Incidentally, lumping Asperger's, childhood disintegrative disorder, Pervasive Developmental Disorder, Rett syndrome, or God forbid, mental illness -- into autism is counterproductive. Even high-functioning autistics present symptoms specific to autism.

Autism begins at birth or within the first 2 1/2 years of life.
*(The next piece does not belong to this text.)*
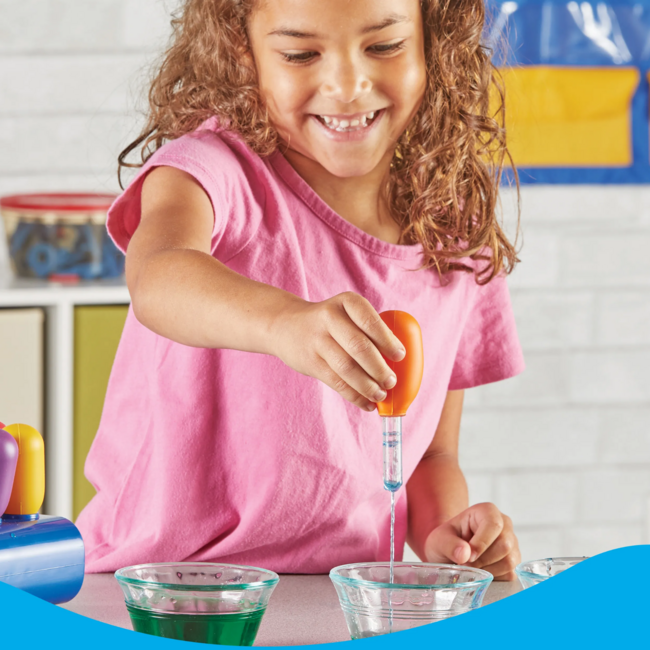 Learning Resources - Jumbo Pipetten met Houder (7-delig)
Hallmark traits exhibited by the child include:

- Failure to initiate eye contact or respond to name (though not blind or hearing-impaired).

- Making little or no distinction between people, animals or objects.

- Not playing appropriately with toys.

- Severe deficits in communication (20 percent are nonverbal).

- Unusual and unpredictable behavior, mood and mannerisms.

- Self-injurious behaviors including head-punching, hair-pulling, eye-poking, biting.

- Extreme agitation, then suddenly sitting quietly in strange posture, silent, fixated on pictures, ceiling fans or moving water.

- Unusual motor mannerisms including hand-flapping, toe-tapping, twirling and various vocalizations.

- A marked neurological feature (20 to 30 percent develop epilepsy).

- Indiscriminate or discriminate (eats only pasta and peanuts, for example) eating habits.

- Difficulty processing sound, sight, touch, smells.

- Difficulty discerning dangerous situations (hot stove, traffic).

- Requires 24-hour protective supervision.

So -- why bring awareness to the definition of autism? Flash back to 2007, when a Medical News Today report showed, "Autism has numerous genetic origins." What a breakthrough. How did scientists discover this? I'll tell you. They avoided abstractions by limiting categories.

"This study permitted us to organize autistic children with similar features into small groups where gene linkages are more easily detected," said Rita Cantor, professor of human genetics at the David Geffen School of Medicine at UCLA.

Keep it simple. Keep it similar. Keep it autistic. The more concrete, the closer we get to better treatments.

Kimberley Oakley lives in Valley Center. She is the mother of an adult child with autism.